▶ **Your instructions**: Write out the whole listing without a single alteration.

▶ **Data segment**:
================================
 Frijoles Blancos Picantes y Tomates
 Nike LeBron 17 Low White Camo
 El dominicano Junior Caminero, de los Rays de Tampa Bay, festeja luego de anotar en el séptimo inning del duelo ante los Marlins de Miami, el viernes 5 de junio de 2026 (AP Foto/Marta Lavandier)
================================
▶ **Written solution**:
 Frijoles Blancos Picantes y Tomates
 Nike LeBron 17 Low White Camo
 El dominicano Junior Caminero, de los Rays de Tampa Bay, festeja luego de anotar en el séptimo inning del duelo ante los Marlins de Miami, el viernes 5 de junio de 2026 (AP Foto/Marta Lavandier)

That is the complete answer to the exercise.